→ **WHAT YOU NEED TO DO**
From the first record to the last, write each one out again exactly.

..........

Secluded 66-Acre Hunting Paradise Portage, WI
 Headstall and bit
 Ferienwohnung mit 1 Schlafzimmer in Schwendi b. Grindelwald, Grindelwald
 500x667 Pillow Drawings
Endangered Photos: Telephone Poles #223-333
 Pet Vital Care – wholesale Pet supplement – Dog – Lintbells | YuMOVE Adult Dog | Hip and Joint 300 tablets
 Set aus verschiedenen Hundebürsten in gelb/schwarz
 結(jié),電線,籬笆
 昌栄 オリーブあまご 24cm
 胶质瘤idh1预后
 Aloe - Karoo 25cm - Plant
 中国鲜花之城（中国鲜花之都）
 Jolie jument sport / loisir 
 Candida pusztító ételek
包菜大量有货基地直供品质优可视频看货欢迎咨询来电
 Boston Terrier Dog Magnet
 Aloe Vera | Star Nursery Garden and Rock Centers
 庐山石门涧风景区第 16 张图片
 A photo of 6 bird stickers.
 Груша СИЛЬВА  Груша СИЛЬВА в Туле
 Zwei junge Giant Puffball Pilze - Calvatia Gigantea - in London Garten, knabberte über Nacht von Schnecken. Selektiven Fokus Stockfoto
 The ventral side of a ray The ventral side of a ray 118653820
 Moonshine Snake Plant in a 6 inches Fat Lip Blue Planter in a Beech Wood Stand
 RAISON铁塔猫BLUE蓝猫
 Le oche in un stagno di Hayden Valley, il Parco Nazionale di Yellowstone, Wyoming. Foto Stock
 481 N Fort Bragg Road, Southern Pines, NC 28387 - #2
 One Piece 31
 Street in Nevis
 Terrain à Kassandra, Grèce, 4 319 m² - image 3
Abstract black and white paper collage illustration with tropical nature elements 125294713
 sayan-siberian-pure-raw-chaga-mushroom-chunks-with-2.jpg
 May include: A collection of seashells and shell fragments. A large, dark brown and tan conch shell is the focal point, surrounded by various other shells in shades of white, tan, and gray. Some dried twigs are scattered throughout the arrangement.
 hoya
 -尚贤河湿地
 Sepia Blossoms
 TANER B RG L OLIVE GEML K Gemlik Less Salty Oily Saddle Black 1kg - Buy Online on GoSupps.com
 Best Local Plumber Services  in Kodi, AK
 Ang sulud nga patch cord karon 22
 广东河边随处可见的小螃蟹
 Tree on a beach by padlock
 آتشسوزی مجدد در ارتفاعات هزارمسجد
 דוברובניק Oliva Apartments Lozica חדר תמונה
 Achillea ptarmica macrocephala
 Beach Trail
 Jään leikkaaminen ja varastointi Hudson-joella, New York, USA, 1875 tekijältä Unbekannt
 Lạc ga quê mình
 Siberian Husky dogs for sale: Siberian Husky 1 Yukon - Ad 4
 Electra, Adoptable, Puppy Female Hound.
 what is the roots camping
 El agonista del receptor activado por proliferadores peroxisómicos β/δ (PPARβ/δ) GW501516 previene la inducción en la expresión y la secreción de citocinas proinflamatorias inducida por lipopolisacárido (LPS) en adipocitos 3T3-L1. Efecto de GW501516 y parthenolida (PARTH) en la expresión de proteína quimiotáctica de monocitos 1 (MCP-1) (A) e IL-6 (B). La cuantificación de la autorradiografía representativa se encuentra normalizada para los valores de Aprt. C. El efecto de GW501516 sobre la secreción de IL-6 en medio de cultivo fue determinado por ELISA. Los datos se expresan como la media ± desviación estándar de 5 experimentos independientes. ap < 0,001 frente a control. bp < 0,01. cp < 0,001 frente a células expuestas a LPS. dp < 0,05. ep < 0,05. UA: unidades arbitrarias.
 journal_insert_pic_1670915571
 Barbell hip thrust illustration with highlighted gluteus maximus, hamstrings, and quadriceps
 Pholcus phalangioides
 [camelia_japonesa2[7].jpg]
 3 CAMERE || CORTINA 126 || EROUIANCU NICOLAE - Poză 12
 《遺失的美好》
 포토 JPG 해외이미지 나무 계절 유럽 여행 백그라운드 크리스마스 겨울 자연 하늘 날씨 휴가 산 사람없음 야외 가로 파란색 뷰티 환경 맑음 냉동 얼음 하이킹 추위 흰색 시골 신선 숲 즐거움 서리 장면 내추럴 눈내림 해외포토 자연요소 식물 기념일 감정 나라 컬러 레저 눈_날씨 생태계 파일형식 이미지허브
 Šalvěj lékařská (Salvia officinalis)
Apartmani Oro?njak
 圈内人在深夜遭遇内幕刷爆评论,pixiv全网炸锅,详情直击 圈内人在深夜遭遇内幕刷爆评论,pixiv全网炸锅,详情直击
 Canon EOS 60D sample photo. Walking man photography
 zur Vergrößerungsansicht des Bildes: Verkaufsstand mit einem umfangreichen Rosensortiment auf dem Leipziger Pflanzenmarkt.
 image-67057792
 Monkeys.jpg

..........

→ **COMPLETED EXERCISE**
Secluded 66-Acre Hunting Paradise Portage, WI
 Headstall and bit
 Ferienwohnung mit 1 Schlafzimmer in Schwendi b. Grindelwald, Grindelwald
 500x667 Pillow Drawings
Endangered Photos: Telephone Poles #223-333
 Pet Vital Care – wholesale Pet supplement – Dog – Lintbells | YuMOVE Adult Dog | Hip and Joint 300 tablets
 Set aus verschiedenen Hundebürsten in gelb/schwarz
 結(jié),電線,籬笆
 昌栄 オリーブあまご 24cm
 胶质瘤idh1预后
 Aloe - Karoo 25cm - Plant
 中国鲜花之城（中国鲜花之都）
 Jolie jument sport / loisir 
 Candida pusztító ételek
包菜大量有货基地直供品质优可视频看货欢迎咨询来电
 Boston Terrier Dog Magnet
 Aloe Vera | Star Nursery Garden and Rock Centers
 庐山石门涧风景区第 16 张图片
 A photo of 6 bird stickers.
 Груша СИЛЬВА  Груша СИЛЬВА в Туле
 Zwei junge Giant Puffball Pilze - Calvatia Gigantea - in London Garten, knabberte über Nacht von Schnecken. Selektiven Fokus Stockfoto
 The ventral side of a ray The ventral side of a ray 118653820
 Moonshine Snake Plant in a 6 inches Fat Lip Blue Planter in a Beech Wood Stand
 RAISON铁塔猫BLUE蓝猫
 Le oche in un stagno di Hayden Valley, il Parco Nazionale di Yellowstone, Wyoming. Foto Stock
 481 N Fort Bragg Road, Southern Pines, NC 28387 - #2
 One Piece 31
 Street in Nevis
 Terrain à Kassandra, Grèce, 4 319 m² - image 3
Abstract black and white paper collage illustration with tropical nature elements 125294713
 sayan-siberian-pure-raw-chaga-mushroom-chunks-with-2.jpg
 May include: A collection of seashells and shell fragments. A large, dark brown and tan conch shell is the focal point, surrounded by various other shells in shades of white, tan, and gray. Some dried twigs are scattered throughout the arrangement.
 hoya
 -尚贤河湿地
 Sepia Blossoms
 TANER B RG L OLIVE GEML K Gemlik Less Salty Oily Saddle Black 1kg - Buy Online on GoSupps.com
 Best Local Plumber Services  in Kodi, AK
 Ang sulud nga patch cord karon 22
 广东河边随处可见的小螃蟹
 Tree on a beach by padlock
 آتشسوزی مجدد در ارتفاعات هزارمسجد
 דוברובניק Oliva Apartments Lozica חדר תמונה
 Achillea ptarmica macrocephala
 Beach Trail
 Jään leikkaaminen ja varastointi Hudson-joella, New York, USA, 1875 tekijältä Unbekannt
 Lạc ga quê mình
 Siberian Husky dogs for sale: Siberian Husky 1 Yukon - Ad 4
 Electra, Adoptable, Puppy Female Hound.
 what is the roots camping
 El agonista del receptor activado por proliferadores peroxisómicos β/δ (PPARβ/δ) GW501516 previene la inducción en la expresión y la secreción de citocinas proinflamatorias inducida por lipopolisacárido (LPS) en adipocitos 3T3-L1. Efecto de GW501516 y parthenolida (PARTH) en la expresión de proteína quimiotáctica de monocitos 1 (MCP-1) (A) e IL-6 (B). La cuantificación de la autorradiografía representativa se encuentra normalizada para los valores de Aprt. C. El efecto de GW501516 sobre la secreción de IL-6 en medio de cultivo fue determinado por ELISA. Los datos se expresan como la media ± desviación estándar de 5 experimentos independientes. ap < 0,001 frente a control. bp < 0,01. cp < 0,001 frente a células expuestas a LPS. dp < 0,05. ep < 0,05. UA: unidades arbitrarias.
 journal_insert_pic_1670915571
 Barbell hip thrust illustration with highlighted gluteus maximus, hamstrings, and quadriceps
 Pholcus phalangioides
 [camelia_japonesa2[7].jpg]
 3 CAMERE || CORTINA 126 || EROUIANCU NICOLAE - Poză 12
 《遺失的美好》
 포토 JPG 해외이미지 나무 계절 유럽 여행 백그라운드 크리스마스 겨울 자연 하늘 날씨 휴가 산 사람없음 야외 가로 파란색 뷰티 환경 맑음 냉동 얼음 하이킹 추위 흰색 시골 신선 숲 즐거움 서리 장면 내추럴 눈내림 해외포토 자연요소 식물 기념일 감정 나라 컬러 레저 눈_날씨 생태계 파일형식 이미지허브
 Šalvěj lékařská (Salvia officinalis)
Apartmani Oro?njak
 圈内人在深夜遭遇内幕刷爆评论,pixiv全网炸锅,详情直击 圈内人在深夜遭遇内幕刷爆评论,pixiv全网炸锅,详情直击
 Canon EOS 60D sample photo. Walking man photography
 zur Vergrößerungsansicht des Bildes: Verkaufsstand mit einem umfangreichen Rosensortiment auf dem Leipziger Pflanzenmarkt.
 image-67057792
 Monkeys.jpg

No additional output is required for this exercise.